UUA CVG 230000 KZID /RM TODAY IS THE FIRST DAY OF THE BENGALS DYNASTY

Tythas posted:

Imran Khan, PM of Pakistan gave a press conference 6 hours ago.



so insinuating escalation to nuclear war, that's kinda :stare:

Feels like he’s saying “let’s get the horses back in the barn before this escalates to WW3” and is using the fact of nukes as a reason to use diplomacy immediately

Warbadger
Jun 17, 2006

Raenir Salazar posted:

The Sino-Indian War in particular is what I am referring to, as the Doklam Standoff isn't a conflict.

And no not really? Whataboutism isn't a logical argument.

The Doklam crisis was a conflict, by definition. Soldiers from both sides entered the contested area and had a (non-lethal) fight. Negotiations were necessary to defuse the situation. It is also dumb as hell to reference a 1962 war as evidence of current policy for either party while ignoring poo poo that happened a year and a half ago.
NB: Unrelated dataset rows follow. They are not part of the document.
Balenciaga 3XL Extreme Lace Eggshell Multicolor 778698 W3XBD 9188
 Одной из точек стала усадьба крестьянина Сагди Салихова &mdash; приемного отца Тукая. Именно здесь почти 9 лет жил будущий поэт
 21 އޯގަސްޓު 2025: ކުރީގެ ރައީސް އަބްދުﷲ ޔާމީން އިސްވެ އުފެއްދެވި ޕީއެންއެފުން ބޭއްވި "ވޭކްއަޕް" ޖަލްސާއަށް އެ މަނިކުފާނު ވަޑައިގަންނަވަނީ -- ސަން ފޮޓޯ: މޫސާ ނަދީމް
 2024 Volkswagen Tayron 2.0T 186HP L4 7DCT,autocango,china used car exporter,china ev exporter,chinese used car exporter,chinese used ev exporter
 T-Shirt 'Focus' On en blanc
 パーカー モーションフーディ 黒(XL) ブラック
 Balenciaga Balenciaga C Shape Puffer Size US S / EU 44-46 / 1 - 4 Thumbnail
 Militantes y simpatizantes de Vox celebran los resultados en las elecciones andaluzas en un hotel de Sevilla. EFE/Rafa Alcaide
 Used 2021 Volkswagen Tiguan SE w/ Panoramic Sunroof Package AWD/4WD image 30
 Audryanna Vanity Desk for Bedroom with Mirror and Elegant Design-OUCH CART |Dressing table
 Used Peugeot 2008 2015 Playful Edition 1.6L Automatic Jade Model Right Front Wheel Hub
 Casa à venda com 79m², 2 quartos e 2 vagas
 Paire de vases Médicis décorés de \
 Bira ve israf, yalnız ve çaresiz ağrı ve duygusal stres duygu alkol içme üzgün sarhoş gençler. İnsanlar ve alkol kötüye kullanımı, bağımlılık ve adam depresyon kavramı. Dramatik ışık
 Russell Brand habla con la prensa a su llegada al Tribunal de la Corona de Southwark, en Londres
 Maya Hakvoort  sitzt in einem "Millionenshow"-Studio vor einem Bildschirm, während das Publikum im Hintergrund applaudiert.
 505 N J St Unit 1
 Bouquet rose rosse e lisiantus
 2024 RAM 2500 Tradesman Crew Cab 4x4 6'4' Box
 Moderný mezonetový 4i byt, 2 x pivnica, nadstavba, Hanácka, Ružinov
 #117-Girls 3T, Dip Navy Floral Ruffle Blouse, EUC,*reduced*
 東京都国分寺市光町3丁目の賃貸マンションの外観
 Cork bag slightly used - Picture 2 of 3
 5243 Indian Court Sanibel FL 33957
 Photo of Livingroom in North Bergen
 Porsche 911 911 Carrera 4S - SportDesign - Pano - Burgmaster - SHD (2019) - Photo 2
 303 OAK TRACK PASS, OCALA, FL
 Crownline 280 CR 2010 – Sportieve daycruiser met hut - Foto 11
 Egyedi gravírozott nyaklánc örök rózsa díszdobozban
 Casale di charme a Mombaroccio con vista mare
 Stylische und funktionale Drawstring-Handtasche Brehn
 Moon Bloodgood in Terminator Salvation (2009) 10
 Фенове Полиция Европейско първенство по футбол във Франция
Nothing I've said has been whataboutism. Your argument sucked and your example was wrong.

Gnoman
Feb 12, 2014

Come, all you fair and tender maids
Who flourish in your pri-ime
Beware, take care, keep your garden fair
Let Gnoman steal your thy-y-me
Le-et Gnoman steal your thyme




a patagonian cavy posted:

Feels like he’s saying “let’s get the horses back in the barn before this escalates to WW3” and is using the fact of nukes as a reason to use diplomacy immediately

I agree. He's not saying "stop this or we will END YOU", he is saying "If this continues, the situation will escalate in a way that neither side can control, and we are both nuclear powers. This political grandstanding is extremely dangerous.", which is a rather reasonable argument to be making.

mlmp08
Jul 11, 2004

Prepare for my priapic projectile's exalted penetration
Nap Ghost
https://www.youtube.com/watch?v=xpJ8EoGmLuE

This is when you should double up your loving ear pro.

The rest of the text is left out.